Issues running vmd on ood on cluster

We have a cluster built on RHEL 8 and using slurm for scheduling. We are getting an error with the bc_osd_vmd. We meet the minimum specs for prereqs. The xfce desktop environment, turbovnc, and websockify are yum installed. The virtualgl and vmd programs are loaded as modules. We have not used xfce before.

bc_osc_vmd fails with the following output in the log:

Show Dotfiles Show Owner/Mode
/home/wew/ondemand/data/sys/dashboard/batch_connect/dev/bc_osc_vmd/output/8265f977-28b7-4ca0-9c4d-7891438b8fd6/
Setting VNC password…
Starting VNC server…

Desktop ‘TurboVNC: cn4:2 (wew)’ started on display cn4:2

Log file is vnc.log
Successfully started VNC server on cn4:5902…
Script starting…
Starting websocket server…
Starting /bin/xfwm4
The system default contains no modules
(env var: LMOD_SYSTEM_DEFAULT_MODULES is empty)
No changes in loaded modules

  • xfwm4 --compositor=off --sm-client-disable
    WARNING: no ‘numpy’ module, HyBi protocol will be slower
    WebSocket server settings:
    • Listen on :6213
    • Flash security policy server
    • No SSL/TLS support (no cert file)
    • Backgrounding (daemon)
      Scanning VNC log file for user authentications…
      Generating connection YAML file…

(xfwm4:366366): xfwm4-CRITICAL **: 14:25:21.750: Xfconf could not be initialized

(xfwm4:366366): xfwm4-WARNING **: 14:25:21.750: Missing data from default files

  • xsetroot -solid ‘#D3D3D3
  • xfsettingsd --sm-client-disable
  • xfce4-panel --sm-client-disable
    xfsettingsd: Could not connect: No such file or directory.

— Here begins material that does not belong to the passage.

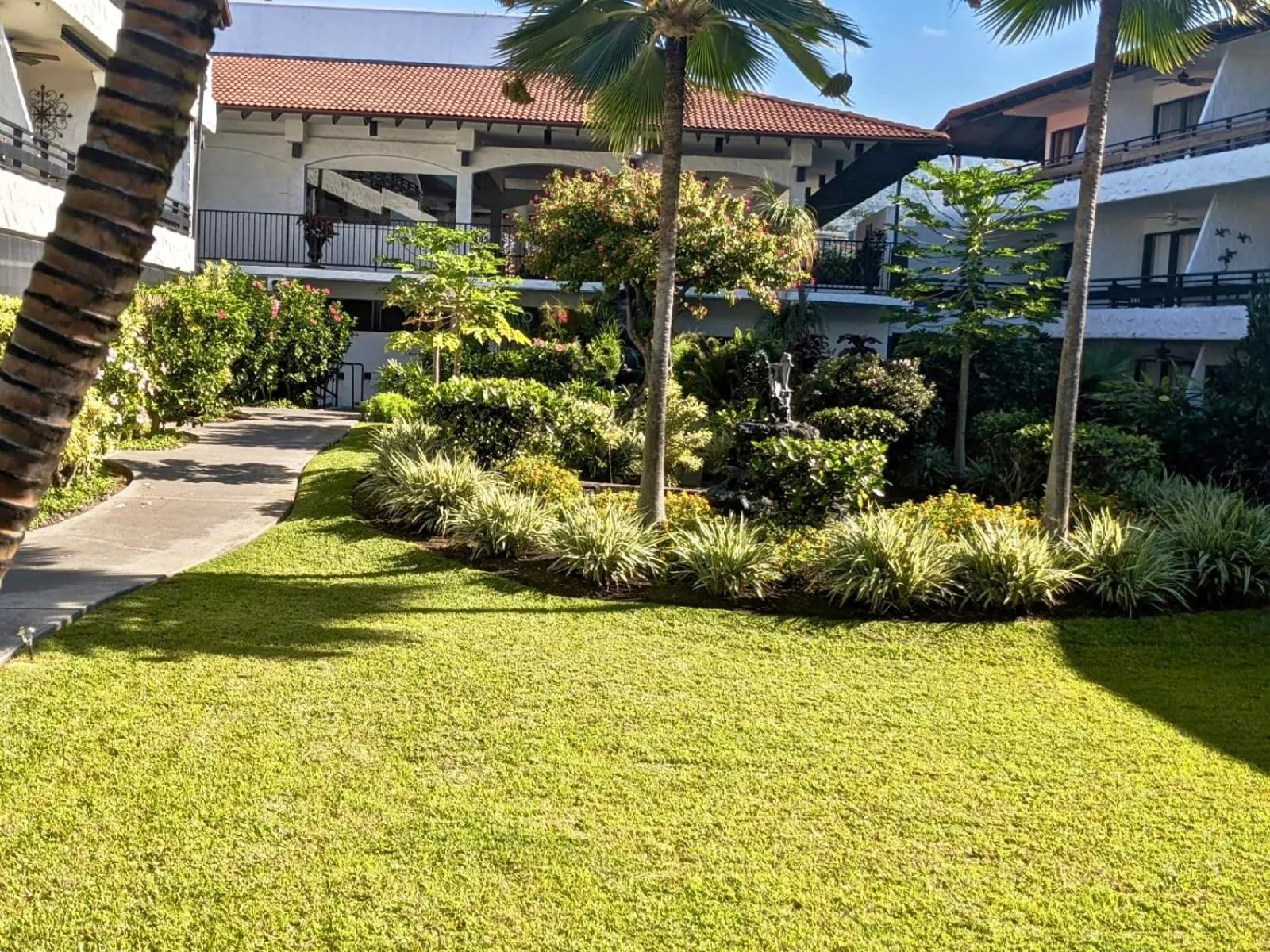 Property building in Unwind on Your Fantasy Hawaiian Vacation- 1BD/1BA Condo in Kailua-Kona, Hawaii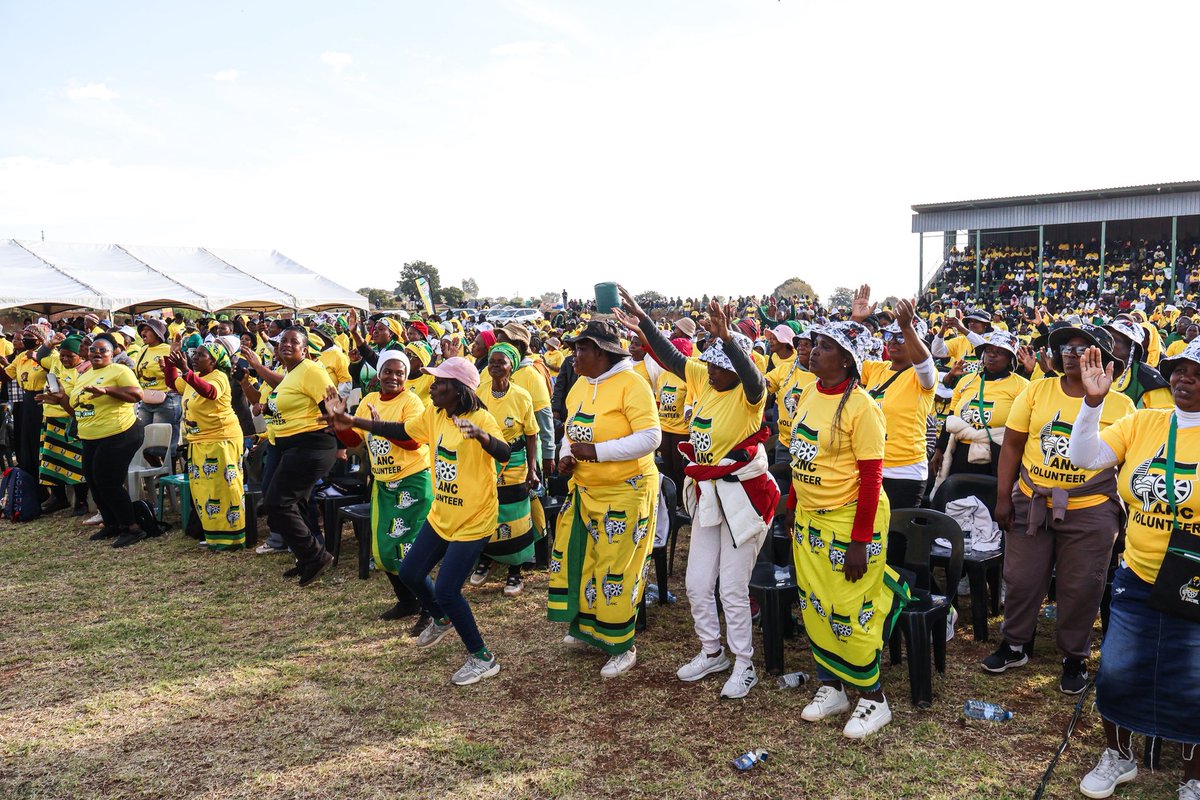 SebopelaFaith's tweet photo. Today i joined the ANCYL President, Cde Collen Malatjie at the ANC Elias Motsoaledi Elections Team Verification of Voting District (VD) Volunteers programme held at Tafelkop Stadium in the Sekhukhune Region. https://t.co/UZu8fvFUse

(xfsettingsd:366409): xfsettingsd-ERROR **: 14:25:21.779: Failed to connect to the dbus session bus.

(xfce4-panel:366410): xfce4-panel-WARNING **: 14:25:21.782: Failed to connect to the D-BUS session bus: Could not connect: No such file or directory
xfce4-panel: There is already a running instance

Currently Loaded Modules:

  1. anaconda3/2020.11 2) virtualgl/2.6.6 3) vmd/1.9.4
  • xfce4-terminal -e ‘vglrun vmd’ -T ‘VMD Terminal’ --disable-server
    Failed to connect to session manager: Failed to connect to the session manager: SESSION_MANAGER environment variable not defined
    Cleaning up…
    Killing Xvnc process ID 366303

Any idea where we should start looking?

Check for missing packages on the system where xfce is supposed to run. xfce4-terminal, for example is its own package, as is xfwm4, etc. If those packages are installed, make sure the PATH available to the script includes /usr/bin, which is where most, if not all, of the executables are installed.

Also, did you do

yum groupinstall Xfce

If not, you’re likely to be finding and adding packages for quite a while.

Cheers,

Ric

image001.png

image002.png

xfce was group installed. I see xfce4-terminal on the path and /usr/bin is on the path.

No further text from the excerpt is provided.